Sampled flow (sFlow) allows you to monitor real-time traffic in data networks that contain switches and routers. It uses the sampling mechanism in the sFlow agent software on switches and routers to monitor traffic and to forward the sample data to the central data collector.

For more information about sFlow, see RFC 3176.

sFlow has the following prerequisites:

• For Cisco Nexus 9332PQ, 9372PX, 9372TX, and 93120TX switches and for Cisco Nexus 9396PX, 9396TX, and 93128TX switches with the N9K-M6PQ generic expansion module (GEM), you must configure the sFlow and SPAN ACL TCAM region sizes for any uplink ports that are to be configured as an sFlow data source. To do so, use the hardware access-list tcam region sflow and hardware access-list tcam region span commands. See Configuring ACL TCAM Region Sizes for more information.

  Note	By default, the sflow region size is zero, and the span region size is non-zero. You need to configure the sflow region to 256 and allocate enough entries to the span region in order to configure the port as an sFlow data source.

• Egress sFlow of multicast traffic requires hardware multicast global-tx-span configuration

Note	For scale information, see the release-specific Cisco Nexus 9000 Series NX-OS Verified Scalability Guide.

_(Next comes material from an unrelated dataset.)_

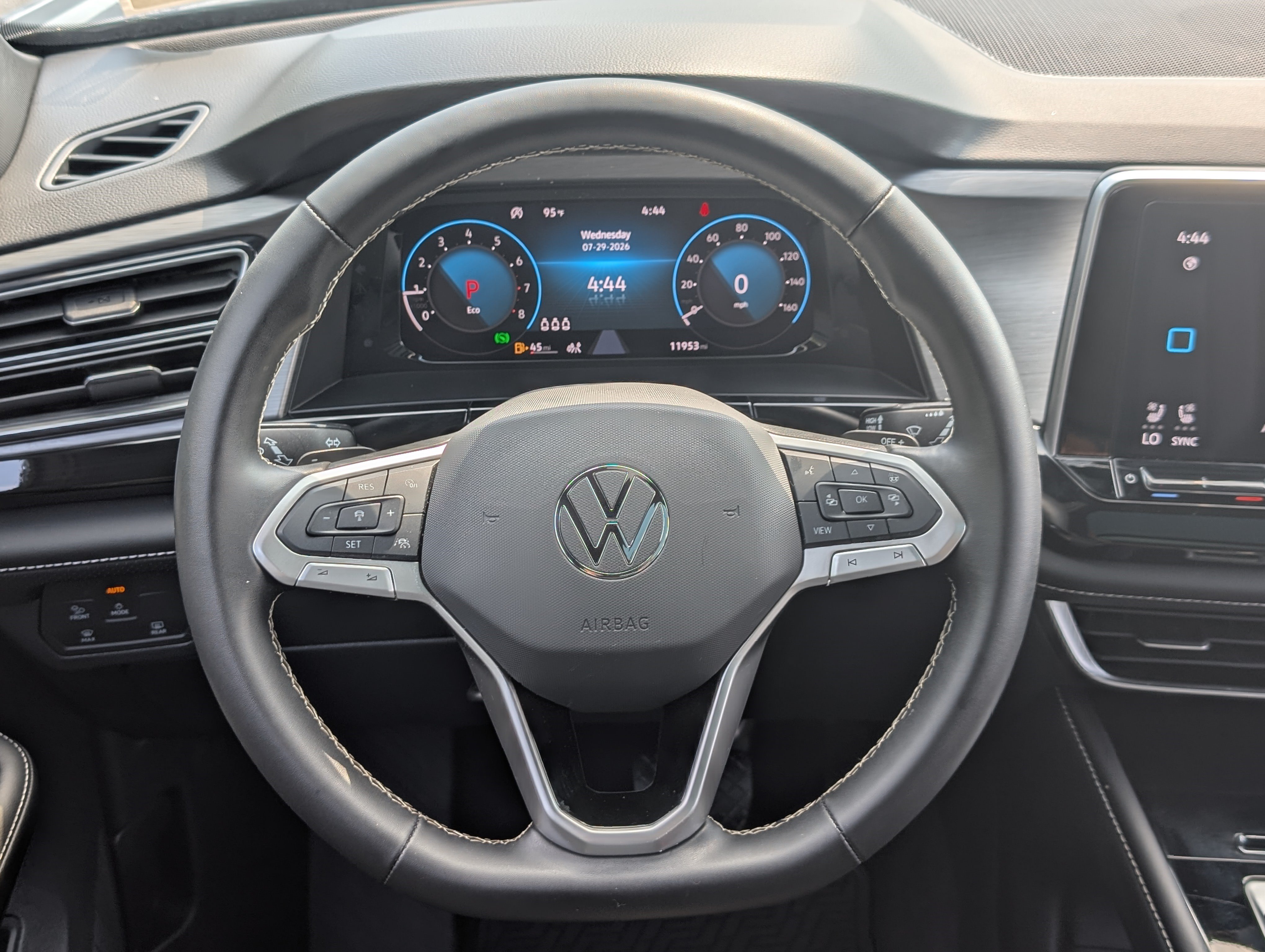 Used 2026 Volkswagen Atlas Cross Sport SE w/ Panoramic Sunroof Package FWD image 23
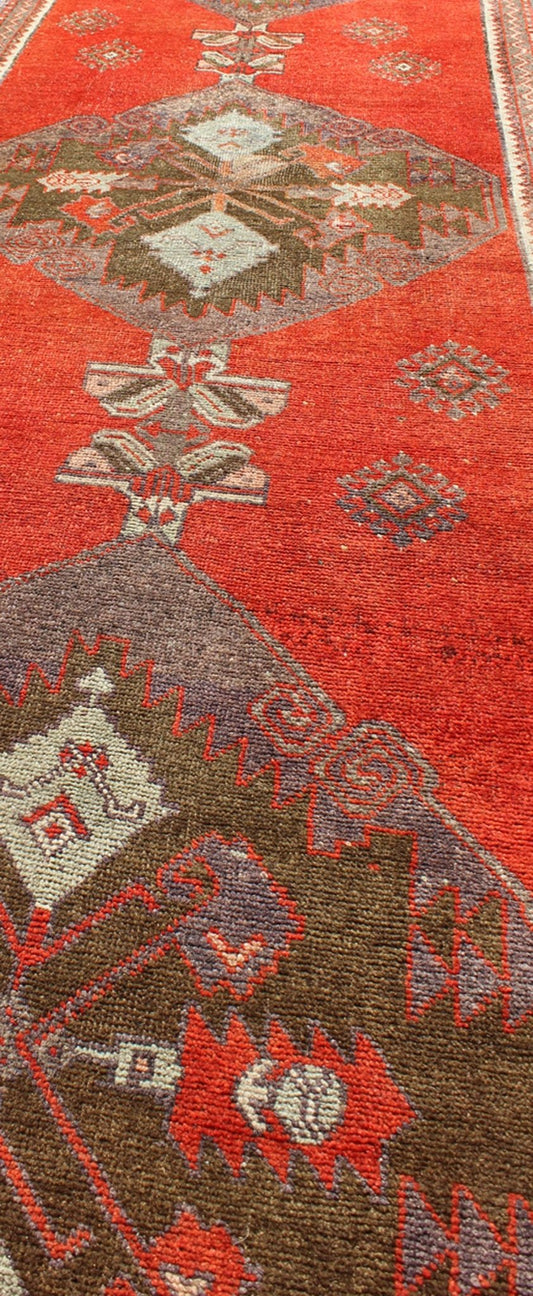 Keivan Woven Arts, Tu - Vey - 95060, 1930s Vintage Turkish Oushak Runner - Red and brown Vintage Turkish Oushak runner with three Medallion Design, rug, country of origin / type: Turkey / Oushak, circa 1930 This beautiful vintage Oushak runner fro... - Keivan Woven ArtsTU - VEY - 95060 - 3606Rug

sFlow has the following guidelines and limitations:

• If at least one sFlow data source is configured, the SPAN sessions cannot be brought up.

  • If at least one SPAN session is configured as no shut , sFlow data sources cannot be added.

  • The sampling mode that is used for sFlow is based on an algorithm that is known as LFSR. Due to the use of LFSR, it is not guaranteed that one in every few packets are sampled with the sampling rate of n. However, the number of packets that are sampled is equal to the total packets over a period of time.

• When sFlow is used to sample the Rx traffic from FEX HIF ports, additional VNTAG and 802.1q tags are present in the sampled traffic.

• In Cisco Nexus 9300-EX and 9300-FX platform switches, the FEX, HIF, and NIF ports cannot be configured as sFlow data-source interfaces.

• When sFlow and SPAN are configured on the same interface, and the hardware rate-limiter is configured for sFlow, the Rate-Limiter Drops counter in the output of the show hardware rate-limiter command displays more drops than expected.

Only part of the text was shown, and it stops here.